The threshold 20 can be adjusted via global variable faiss::distance_compute_blas_threshold
(accessible in Python via faiss.cvar.distance_compute_blas_threshold
).
Note that solution 2 may be less stable numerically than 1 for vectors of very different magnitudes, see discussion in issue #297.
k-means is implemented in the Clustering object
After initialization, the k-means iterates two operations:
-
assign training points to centroids
-
recompute centroids as the center of mass of the points they are assigned to.
In terms of performance, the first operation is the most costly (by far). Incidentally, it can be performed by any index, since it is a nearest-neighbor search of the vectors to the centroids. Therefore the index is a parameter of the Clustering train method. It can be replaced with a GPU index (example) or a HNSW index (example).
PQ search boils down to doing look-ups in distance tables (as explained in the original paper “Product quantization for nearest neighbor search”).
For the IVFPQ, an additional level of pre-computation can be done to speed up the construction of these tables. This is explained in "Billion-scale similarity search with GPUs", section 5.2. It is necessary only for L2 distance computations and residual encoding (which is the default). There is a tradeoff between memory usage to store the additional tables and speed:
-
on CPU, it is governed by
IndexIVFPQ.use_precomputed_table
. It takes 4 possible values: -1=disable, 0=decide heuristically (default: use tables only if they are <IndexIVFPQ::precomputed_tables_max_bytes
, set to 2GB by default); 1=enable (size 256 * nlist * M); 2=specific version for theMultiIndexQuantizer
that is much more compact. Callingprecompute_table()
takesuse_precomputed_table
into account and updates the data for the next search. -
on GPU, precomputed tables are enabled if the
GpuIndexIVFConfig::usePrecomputedTables
is set to true at construction. The setting can be changed at runtime withGpuIndexIVF::setPrecomputedCodes(bool enable)
.
Trained ProductQuantizer
struct maintains a list of centroids in an 1D array field called ::centroids
, its layout is (M, ksub, dsub)
. This allows to access the coordinates of the centroids directly.
Faiss 1.7.3 introduces two new fields, which allow to perform the calls to ProductQuantizer::compute_code()
faster:
-
::transposed_centroids
which stores the coordinates of the centroids, its layout is(dsub, M, ksub)
. -
::centroids_sq_lengths
which stores the squared lengths of the centroids, its layout is(M, ksub)
.
These fields are not supposed to be accessed directly and are treated as temporary ones.
Instead,
- Prepare a ProductQuantizer
- Edit the coordinates of the centroids by training the product quantizer or accessing
::centroids
field, if needed. - Use a new function
ProductQuantizer::sync_transposed_centroids()
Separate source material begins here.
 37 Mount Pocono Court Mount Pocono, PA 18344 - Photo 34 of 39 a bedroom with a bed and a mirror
which automatically populates these two fields based on the values in::centroids
field. As a result, a different, more computationally efficient kernel will be used to evaluateProductQuantizer::compute_code()
call. Currently, the kernel is available fordsub
=1, 2, 4 and 8. - Perform
ProductQuantizer::compute_code()
orProductQuantizer::compute_codes()
. - Use
ProductQuantizer::clear_transposed_centroids()
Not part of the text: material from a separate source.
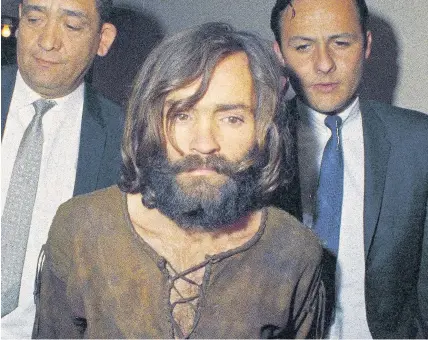  ??  ?? > Charles Manson is escorted to court on conspiracy-murder charges in 1969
to clear this buffer, if it is not needed any more.
The code snippet for ProductQuantizer is the following:
# prepare pq
pq = faiss.ProductQuantizer(...)
pq.train(...)
# enable transposed centroids table to speedup compute_codes()
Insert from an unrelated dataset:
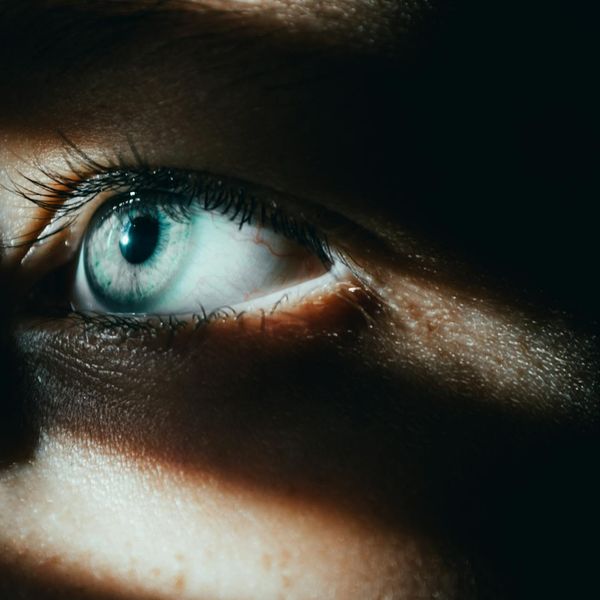 Close-up of a person's eye reflecting a serene natural landscape.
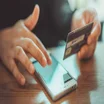 person using phone with credit card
pq.sync_transposed_centroids()
# compute
codes_transposed = pq.compute_codes(...)
# disable transposed centroids table once it is no longer needed
pq.clear_transposed_centroids()
Please note that pq.compute_codes()
might produce a bit different results if transposed centroids tables are used (compared to the case if ones are not used) because of the finite precision of floating point values.
The PCA matrix is computed by:
-
if there are more training points than dimensions: compute the covariance matrix, then use the LAPACK dsyev to extract the eigenvalues and vectors.
-
if there are more dimensions than training points: compute the Gram matrix (pairwise dot products of training vectors), and extract the eigenvalues and vectors from that.
Non-exhaustive search means that only part of the database vectors are compared with.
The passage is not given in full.